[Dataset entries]
--- START ---
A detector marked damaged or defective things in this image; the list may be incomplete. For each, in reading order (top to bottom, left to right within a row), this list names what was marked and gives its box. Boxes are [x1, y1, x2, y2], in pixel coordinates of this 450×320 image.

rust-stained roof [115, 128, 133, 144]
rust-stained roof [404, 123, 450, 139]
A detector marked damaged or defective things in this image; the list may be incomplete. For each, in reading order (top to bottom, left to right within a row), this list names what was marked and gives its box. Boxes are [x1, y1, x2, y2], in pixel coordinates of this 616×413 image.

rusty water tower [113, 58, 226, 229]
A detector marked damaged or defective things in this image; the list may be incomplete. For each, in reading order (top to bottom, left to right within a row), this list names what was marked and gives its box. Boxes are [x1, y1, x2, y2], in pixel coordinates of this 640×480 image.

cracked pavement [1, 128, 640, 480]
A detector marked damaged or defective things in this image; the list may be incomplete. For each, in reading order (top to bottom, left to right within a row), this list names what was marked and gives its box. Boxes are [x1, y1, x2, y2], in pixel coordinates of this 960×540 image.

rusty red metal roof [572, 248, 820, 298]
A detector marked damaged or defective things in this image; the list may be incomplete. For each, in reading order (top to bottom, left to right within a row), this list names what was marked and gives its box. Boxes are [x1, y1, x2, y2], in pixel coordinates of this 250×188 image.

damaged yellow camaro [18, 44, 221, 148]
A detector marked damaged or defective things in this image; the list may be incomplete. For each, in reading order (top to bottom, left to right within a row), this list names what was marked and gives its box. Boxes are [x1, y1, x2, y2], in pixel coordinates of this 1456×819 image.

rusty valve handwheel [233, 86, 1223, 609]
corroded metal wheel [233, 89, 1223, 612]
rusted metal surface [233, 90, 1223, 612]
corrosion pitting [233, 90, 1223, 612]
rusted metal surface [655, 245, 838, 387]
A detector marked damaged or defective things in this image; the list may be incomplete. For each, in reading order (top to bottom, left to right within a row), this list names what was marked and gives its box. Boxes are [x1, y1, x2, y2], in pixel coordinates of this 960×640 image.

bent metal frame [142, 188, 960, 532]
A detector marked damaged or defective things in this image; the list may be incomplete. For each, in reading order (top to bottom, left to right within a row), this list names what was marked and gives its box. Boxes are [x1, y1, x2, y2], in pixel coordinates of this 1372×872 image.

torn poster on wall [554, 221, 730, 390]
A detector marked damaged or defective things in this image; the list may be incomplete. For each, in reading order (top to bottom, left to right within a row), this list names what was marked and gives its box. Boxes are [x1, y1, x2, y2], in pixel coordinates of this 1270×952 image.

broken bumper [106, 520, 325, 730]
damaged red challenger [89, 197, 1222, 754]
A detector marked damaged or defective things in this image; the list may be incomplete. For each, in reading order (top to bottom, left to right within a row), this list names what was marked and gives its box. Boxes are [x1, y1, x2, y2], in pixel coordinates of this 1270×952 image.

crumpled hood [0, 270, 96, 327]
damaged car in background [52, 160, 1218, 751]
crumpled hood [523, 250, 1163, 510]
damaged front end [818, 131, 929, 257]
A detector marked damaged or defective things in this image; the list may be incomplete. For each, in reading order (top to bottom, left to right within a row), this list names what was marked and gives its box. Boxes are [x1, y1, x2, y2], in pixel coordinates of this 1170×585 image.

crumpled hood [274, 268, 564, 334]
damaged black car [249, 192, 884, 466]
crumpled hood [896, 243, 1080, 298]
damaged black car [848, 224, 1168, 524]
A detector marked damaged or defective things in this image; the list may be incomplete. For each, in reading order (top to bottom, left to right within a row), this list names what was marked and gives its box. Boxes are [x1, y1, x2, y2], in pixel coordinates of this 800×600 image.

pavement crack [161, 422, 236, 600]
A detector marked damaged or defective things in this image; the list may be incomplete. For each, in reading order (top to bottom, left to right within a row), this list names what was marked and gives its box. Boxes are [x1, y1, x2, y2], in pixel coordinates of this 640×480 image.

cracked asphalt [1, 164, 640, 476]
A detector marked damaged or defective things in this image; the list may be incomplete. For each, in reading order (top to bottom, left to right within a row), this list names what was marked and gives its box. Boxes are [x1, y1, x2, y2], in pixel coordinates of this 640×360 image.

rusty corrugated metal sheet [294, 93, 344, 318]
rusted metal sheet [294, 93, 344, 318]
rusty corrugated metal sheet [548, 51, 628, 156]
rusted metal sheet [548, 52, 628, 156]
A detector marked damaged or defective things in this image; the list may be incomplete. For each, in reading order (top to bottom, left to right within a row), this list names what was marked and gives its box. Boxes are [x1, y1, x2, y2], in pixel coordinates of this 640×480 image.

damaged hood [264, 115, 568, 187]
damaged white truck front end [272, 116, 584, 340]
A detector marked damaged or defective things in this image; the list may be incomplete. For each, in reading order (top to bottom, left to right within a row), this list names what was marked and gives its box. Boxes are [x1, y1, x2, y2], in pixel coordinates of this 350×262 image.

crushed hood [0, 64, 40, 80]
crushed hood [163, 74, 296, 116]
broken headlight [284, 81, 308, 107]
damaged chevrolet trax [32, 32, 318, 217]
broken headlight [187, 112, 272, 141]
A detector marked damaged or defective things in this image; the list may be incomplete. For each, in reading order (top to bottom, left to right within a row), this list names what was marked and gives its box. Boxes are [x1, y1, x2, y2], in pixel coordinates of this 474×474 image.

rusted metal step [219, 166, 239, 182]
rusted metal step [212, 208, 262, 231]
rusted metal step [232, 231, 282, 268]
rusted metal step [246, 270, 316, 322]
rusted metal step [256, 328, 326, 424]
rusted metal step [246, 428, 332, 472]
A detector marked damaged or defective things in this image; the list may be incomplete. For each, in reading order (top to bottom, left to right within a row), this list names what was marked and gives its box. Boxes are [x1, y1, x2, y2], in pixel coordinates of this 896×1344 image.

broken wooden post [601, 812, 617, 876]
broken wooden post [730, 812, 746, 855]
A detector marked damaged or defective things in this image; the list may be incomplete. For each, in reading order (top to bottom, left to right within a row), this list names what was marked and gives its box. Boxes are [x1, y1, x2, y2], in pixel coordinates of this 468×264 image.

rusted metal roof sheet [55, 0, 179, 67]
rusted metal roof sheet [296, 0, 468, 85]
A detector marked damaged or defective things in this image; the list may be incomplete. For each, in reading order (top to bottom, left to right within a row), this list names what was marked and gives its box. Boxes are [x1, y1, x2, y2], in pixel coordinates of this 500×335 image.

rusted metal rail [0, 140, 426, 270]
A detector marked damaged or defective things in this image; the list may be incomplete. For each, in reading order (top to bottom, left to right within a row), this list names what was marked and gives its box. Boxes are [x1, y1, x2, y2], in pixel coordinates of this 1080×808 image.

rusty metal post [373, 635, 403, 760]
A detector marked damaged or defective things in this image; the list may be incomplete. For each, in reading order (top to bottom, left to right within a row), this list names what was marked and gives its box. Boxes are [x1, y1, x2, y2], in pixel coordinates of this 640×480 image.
--- END ---
* WHAT IS NEEDED
Every record above must be printed again exactly.

* ANSWER AREA
A detector marked damaged or defective things in this image; the list may be incomplete. For each, in reading order (top to bottom, left to right within a row), this list names what was marked and gives its box. Boxes are [x1, y1, x2, y2], in pixel coordinates of this 450×320 image.

rust-stained roof [115, 128, 133, 144]
rust-stained roof [404, 123, 450, 139]
A detector marked damaged or defective things in this image; the list may be incomplete. For each, in reading order (top to bottom, left to right within a row), this list names what was marked and gives its box. Boxes are [x1, y1, x2, y2], in pixel coordinates of this 616×413 image.

rusty water tower [113, 58, 226, 229]
A detector marked damaged or defective things in this image; the list may be incomplete. For each, in reading order (top to bottom, left to right within a row), this list names what was marked and gives its box. Boxes are [x1, y1, x2, y2], in pixel coordinates of this 640×480 image.

cracked pavement [1, 128, 640, 480]
A detector marked damaged or defective things in this image; the list may be incomplete. For each, in reading order (top to bottom, left to right within a row), this list names what was marked and gives its box. Boxes are [x1, y1, x2, y2], in pixel coordinates of this 960×540 image.

rusty red metal roof [572, 248, 820, 298]
A detector marked damaged or defective things in this image; the list may be incomplete. For each, in reading order (top to bottom, left to right within a row), this list names what was marked and gives its box. Boxes are [x1, y1, x2, y2], in pixel coordinates of this 250×188 image.

damaged yellow camaro [18, 44, 221, 148]
A detector marked damaged or defective things in this image; the list may be incomplete. For each, in reading order (top to bottom, left to right within a row), this list names what was marked and gives its box. Boxes are [x1, y1, x2, y2], in pixel coordinates of this 1456×819 image.

rusty valve handwheel [233, 86, 1223, 609]
corroded metal wheel [233, 89, 1223, 612]
rusted metal surface [233, 90, 1223, 612]
corrosion pitting [233, 90, 1223, 612]
rusted metal surface [655, 245, 838, 387]
A detector marked damaged or defective things in this image; the list may be incomplete. For each, in reading order (top to bottom, left to right within a row), this list names what was marked and gives its box. Boxes are [x1, y1, x2, y2], in pixel coordinates of this 960×640 image.

bent metal frame [142, 188, 960, 532]
A detector marked damaged or defective things in this image; the list may be incomplete. For each, in reading order (top to bottom, left to right within a row), this list names what was marked and gives its box. Boxes are [x1, y1, x2, y2], in pixel coordinates of this 1372×872 image.

torn poster on wall [554, 221, 730, 390]
A detector marked damaged or defective things in this image; the list may be incomplete. For each, in reading order (top to bottom, left to right within a row), this list names what was marked and gives its box. Boxes are [x1, y1, x2, y2], in pixel coordinates of this 1270×952 image.

broken bumper [106, 520, 325, 730]
damaged red challenger [89, 197, 1222, 754]
A detector marked damaged or defective things in this image; the list may be incomplete. For each, in reading order (top to bottom, left to right within a row), this list names what was marked and gives its box. Boxes are [x1, y1, x2, y2], in pixel coordinates of this 1270×952 image.

crumpled hood [0, 270, 96, 327]
damaged car in background [52, 160, 1218, 751]
crumpled hood [523, 250, 1163, 510]
damaged front end [818, 131, 929, 257]
A detector marked damaged or defective things in this image; the list may be incomplete. For each, in reading order (top to bottom, left to right within a row), this list names what was marked and gives its box. Boxes are [x1, y1, x2, y2], in pixel coordinates of this 1170×585 image.

crumpled hood [274, 268, 564, 334]
damaged black car [249, 192, 884, 466]
crumpled hood [896, 243, 1080, 298]
damaged black car [848, 224, 1168, 524]
A detector marked damaged or defective things in this image; the list may be incomplete. For each, in reading order (top to bottom, left to right within a row), this list names what was marked and gives its box. Boxes are [x1, y1, x2, y2], in pixel coordinates of this 800×600 image.

pavement crack [161, 422, 236, 600]
A detector marked damaged or defective things in this image; the list may be incomplete. For each, in reading order (top to bottom, left to right within a row), this list names what was marked and gives its box. Boxes are [x1, y1, x2, y2], in pixel coordinates of this 640×480 image.

cracked asphalt [1, 164, 640, 476]
A detector marked damaged or defective things in this image; the list may be incomplete. For each, in reading order (top to bottom, left to right within a row), this list names what was marked and gives its box. Boxes are [x1, y1, x2, y2], in pixel coordinates of this 640×360 image.

rusty corrugated metal sheet [294, 93, 344, 318]
rusted metal sheet [294, 93, 344, 318]
rusty corrugated metal sheet [548, 51, 628, 156]
rusted metal sheet [548, 52, 628, 156]
A detector marked damaged or defective things in this image; the list may be incomplete. For each, in reading order (top to bottom, left to right within a row), this list names what was marked and gives its box. Boxes are [x1, y1, x2, y2], in pixel coordinates of this 640×480 image.

damaged hood [264, 115, 568, 187]
damaged white truck front end [272, 116, 584, 340]
A detector marked damaged or defective things in this image; the list may be incomplete. For each, in reading order (top to bottom, left to right within a row), this list names what was marked and gives its box. Boxes are [x1, y1, x2, y2], in pixel coordinates of this 350×262 image.

crushed hood [0, 64, 40, 80]
crushed hood [163, 74, 296, 116]
broken headlight [284, 81, 308, 107]
damaged chevrolet trax [32, 32, 318, 217]
broken headlight [187, 112, 272, 141]
A detector marked damaged or defective things in this image; the list may be incomplete. For each, in reading order (top to bottom, left to right within a row), this list names what was marked and gives its box. Boxes are [x1, y1, x2, y2], in pixel coordinates of this 474×474 image.

rusted metal step [219, 166, 239, 182]
rusted metal step [212, 208, 262, 231]
rusted metal step [232, 231, 282, 268]
rusted metal step [246, 270, 316, 322]
rusted metal step [256, 328, 326, 424]
rusted metal step [246, 428, 332, 472]
A detector marked damaged or defective things in this image; the list may be incomplete. For each, in reading order (top to bottom, left to right within a row), this list names what was marked and gives its box. Boxes are [x1, y1, x2, y2], in pixel coordinates of this 896×1344 image.

broken wooden post [601, 812, 617, 876]
broken wooden post [730, 812, 746, 855]
A detector marked damaged or defective things in this image; the list may be incomplete. For each, in reading order (top to bottom, left to right within a row), this list names what was marked and gives its box. Boxes are [x1, y1, x2, y2], in pixel coordinates of this 468×264 image.

rusted metal roof sheet [55, 0, 179, 67]
rusted metal roof sheet [296, 0, 468, 85]
A detector marked damaged or defective things in this image; the list may be incomplete. For each, in reading order (top to bottom, left to right within a row), this list names what was marked and gives its box. Boxes are [x1, y1, x2, y2], in pixel coordinates of this 500×335 image.

rusted metal rail [0, 140, 426, 270]
A detector marked damaged or defective things in this image; the list may be incomplete. For each, in reading order (top to bottom, left to right within a row), this list names what was marked and gives its box. Boxes are [x1, y1, x2, y2], in pixel coordinates of this 1080×808 image.

rusty metal post [373, 635, 403, 760]
A detector marked damaged or defective things in this image; the list may be incomplete. For each, in reading order (top to bottom, left to right within a row), this list names what was marked and gives its box. Boxes are [x1, y1, x2, y2], in pixel coordinates of this 640×480 image.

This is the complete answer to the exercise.